Despite wireless operators offering a variety of pricing discounts to some customers, the pricing turmoil in the market has not really impacted the Tier 1 carriers' bottom lines, according to analysts at New Street Research. In fact, the analysts say carriers are set to report stronger-than-expected quarterly subscribers for the first quarter, thanks in large part to booming tablet subscription adoptions.
In a research note, New Street Research analyst Jonathan Chaplin wrote that intensified pricing competition hasn't yet hit carriers, largely because of two factors. One is that tablet sales are driving higher-than-expected subscriber additions for all the carriers, which is "masking the impact of handset share gains" T-Mobile US (NYSE:TMUS) is making.
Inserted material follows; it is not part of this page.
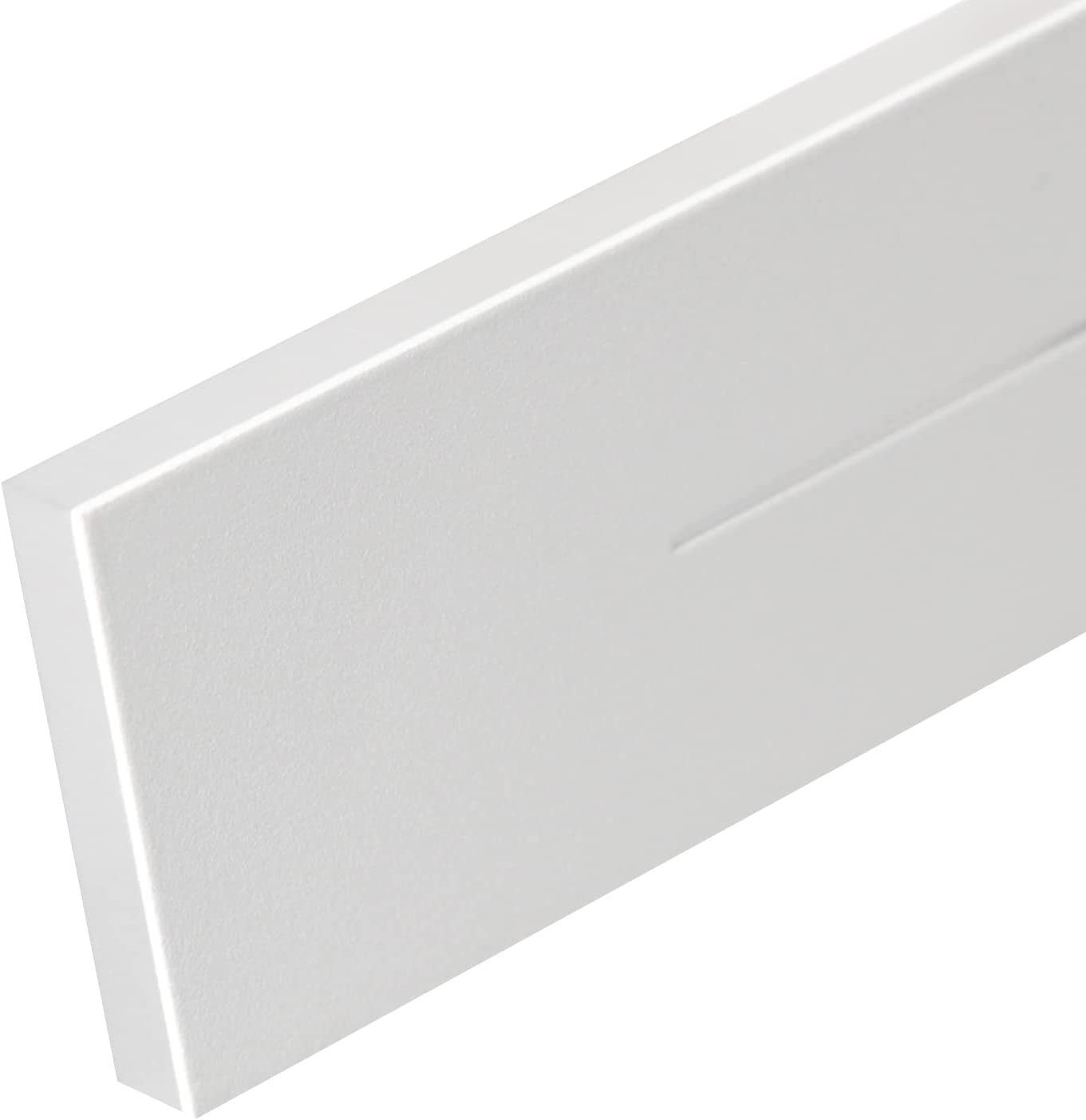 Pannello bianco, rettangolare, strutturato. Una sottile scanalatura corre lungo.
T-Mobile is likely still gaining share thanks to its offer to pay off the Early Termination Fees for customers who switch to T-Mobile.
Additionally, according to the analysts, margins are still riding high thanks to a greater shift to device financing plans, so the carriers are still getting the same revenue, although it's shifting more from service pricing to monthly device financing costs.
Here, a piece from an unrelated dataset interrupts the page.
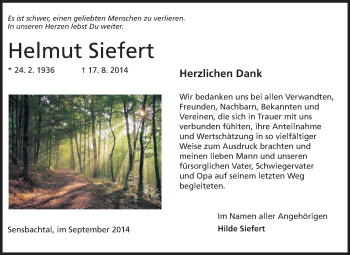 Traueranzeige von Helmut Siefert von Odenwälder Echo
Over all, the analysts think that the first-quarter for all four of the Tier 1 carriers should look good, with them all beating estimates for either subscriber additions, EBITDA or both. However, Chaplain noted that "we remain cautious on the group as we expect rising competition to take its toll on the group eventually."
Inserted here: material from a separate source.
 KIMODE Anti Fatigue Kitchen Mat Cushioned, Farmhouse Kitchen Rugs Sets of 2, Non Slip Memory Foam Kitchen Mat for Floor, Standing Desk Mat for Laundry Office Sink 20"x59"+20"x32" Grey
At Verizon Wireless (NYSE:VZ), New Street is revising its net add forecast up from 363,000 to 485,000 subscribers for the first quarter, as Verizon has benefited from tablet adoption "despite some pressure on churn from rising competition." Additionally, they expect Verizon's segment EBITDA margin on service revenues to be around 52 percent, helped by installment plans (though less than at the other carriers), usage-driven data growth and lower upgrades.
New Street estimates that AT&T Mobility (NYSE:T) will add 229,000 net new subscribers in the quarter, up from their previous estimate of 142,000. They do expect churn to increase "modestly" thanks to T-Mobile's ETF plan, but expect AT&T to do well on gross subscriber additions, helped by tablets.
For Sprint (NYSE:S), although Chaplain wrote that "subscriber trends at Sprint don't seem to be as bad as we had feared" (the analysts expect postpaid net loss of 247,000, compared to 365,000 losses before), they think tablet strength "will mask weak handset trends for the quarter." The company's margins should be helped by installment plans and cost savings.
Sprint just announced it is cutting at least 1,400 jobs across the country, and perhaps more, as it closes call centers, trims jobs related to refurbishing phones and shuts down underperforming retail stores. Further, Sprint has said it expects churn to remain elevated through the middle of the year as its finishes its Network Vision network modernization and then gradually improve in the second half of the year as the network improves.
New Street thinks T-Mobile "could easily add" 1.1 million new subscribers in the first quarter, compared to its previous estimate of around 810,000. The analysts expect the impact of the ETF offer to fade over the course of the year, but say "the company is on track to beat 2014 postpaid net add guidance" of 2 million to 3 million. However, the company's average revenue per user will likely be pressured as more customers shift to its Simple Choice plans, which deliver lower monthly ARPU due to lower service charges compared to traditional postpaid plans at other carriers in which devices are subsidized. T-Mobile expects between 85 percent and 90 percent of its branded postpaid customers to be on its Value/Simple Choice plans by the end of 2014.